One last, I don't think my freedoms are being "stifled" in deferring to having brothers initiate. Because in desiring to obey biblical exhortations, I believe there is always MORE freedom experienced - because in doing so, I am free from blame or censure, and free to feel the Lord's delight. When my heart is not perverse and my ways are blameless, the Lord is pleased. Prov 11:20. amen.

May 9, 2002 -- Thought #2
Maybe what it comes down to is in trying to consider acting on what is biblical vs. acting on what is appropriate vs. acting on what is integrity. Integrity is a huge deal to me...

May 9, 2002 -- Questions - Thought #1
Something I realized. There is a difference between secular, worldly thinking, Christian culture thinking and Biblical thinking. The difference between secular, worldly thinking and Biblical thinking is obvious. What's not so obvious is the difference between what the Christian culture deems as "right" and "good" and what the Bible actually says is "right" and "good." Sometimes I think we really need to stop ourselves and ask, "Wait, so do I think this is inappropriate/appropriate because the Bible actually says so or because the church (or mainstream American Christian culture) says so?"

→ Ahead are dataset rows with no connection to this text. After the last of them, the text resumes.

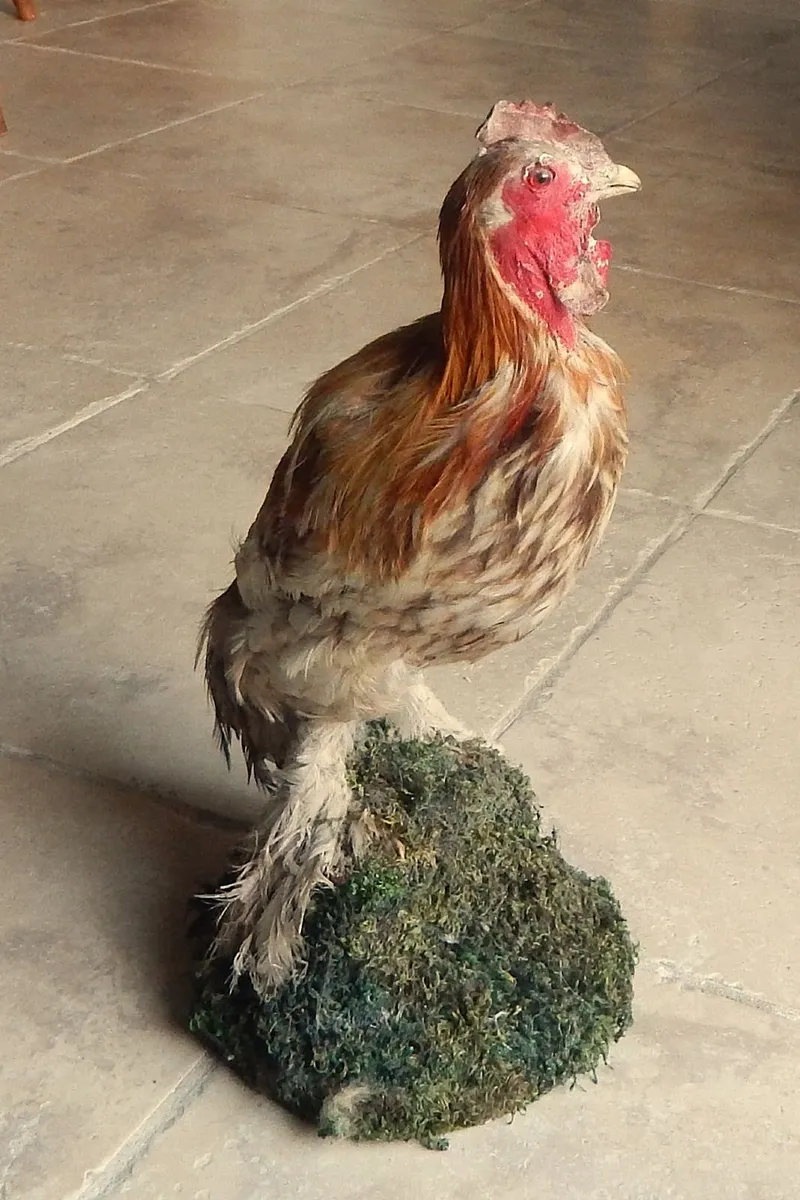 Vintage Taxidermy of Rooster - Image 3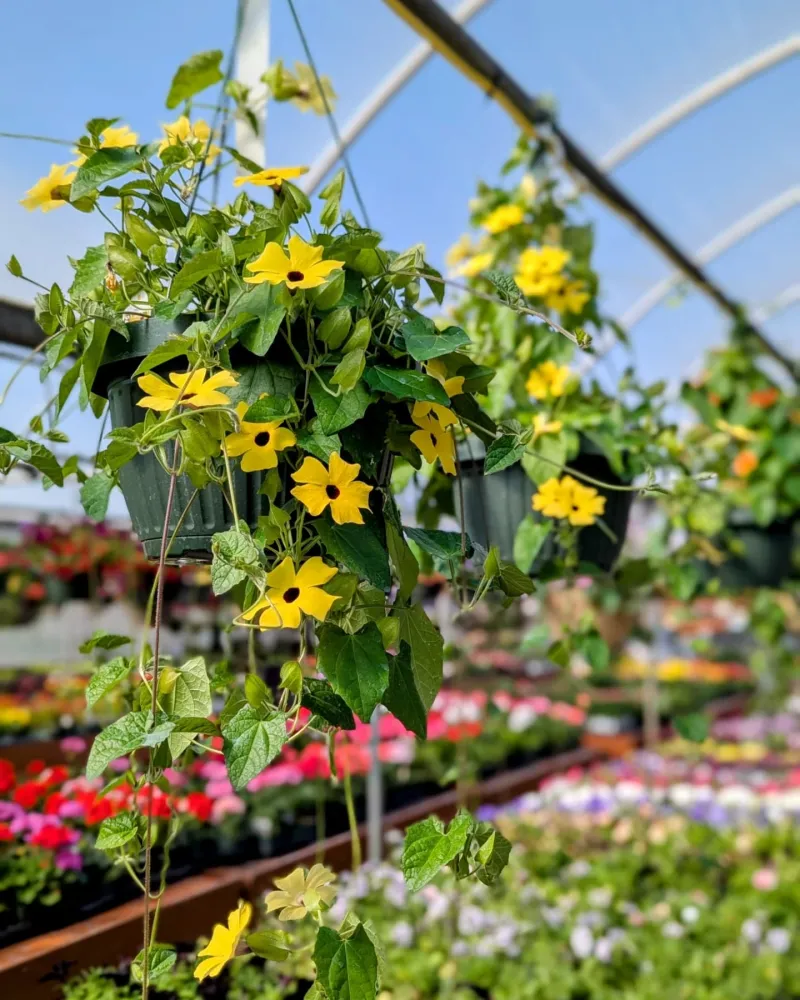 Black-Eyed Susan Vine: Cheerful Trailing Alternative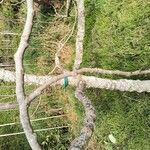 Ficus carica Cortiza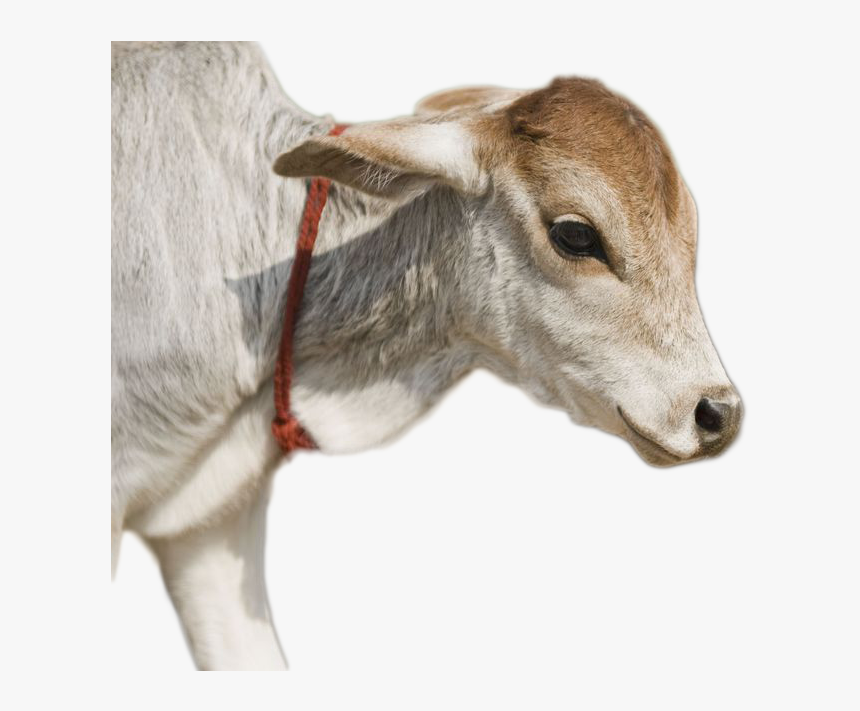 Cow Png Image - Calf, Transparent Png, Free Download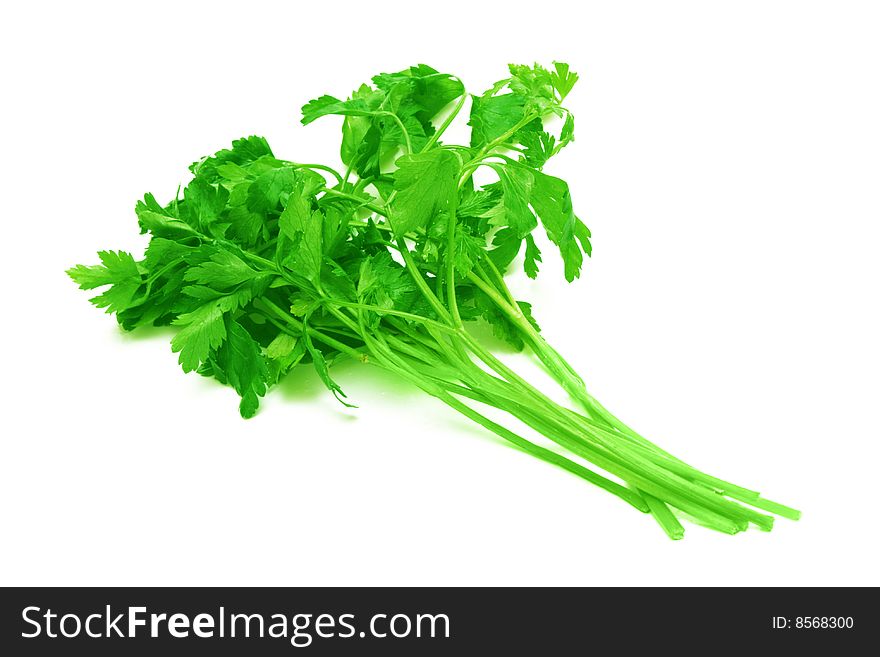 Bunch of parsley isolated on white. Bunch of parsley isolated on white.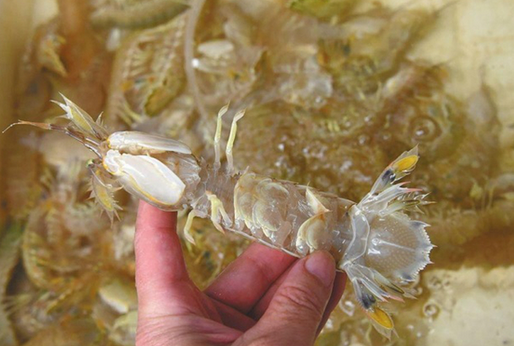 人為注膠讓皮皮蝦增重？專家辟謠:那是蝦黃和蝦膏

I think Christ gives us a lot more freedom than Christian culture allows for. But at the same time, the freedom is determined by the condition of our hearts. We should be able to exercise these freedoms when our hearts are truly free from worldly possessiveness, idolatry and flesh-cravings. That means we must truly die to ourselves just as the Bible says. Gal 2:20, 2 Cor 5:14-17, Romans 8:1-11, 2 Cor 3:17, Luke 9:23.

But what if you have the understanding that the Bible gives freedom in such things that Christian culture does not. Should you follow Biblical thinking even at the risk of stumbling those who live by Christian culture rules?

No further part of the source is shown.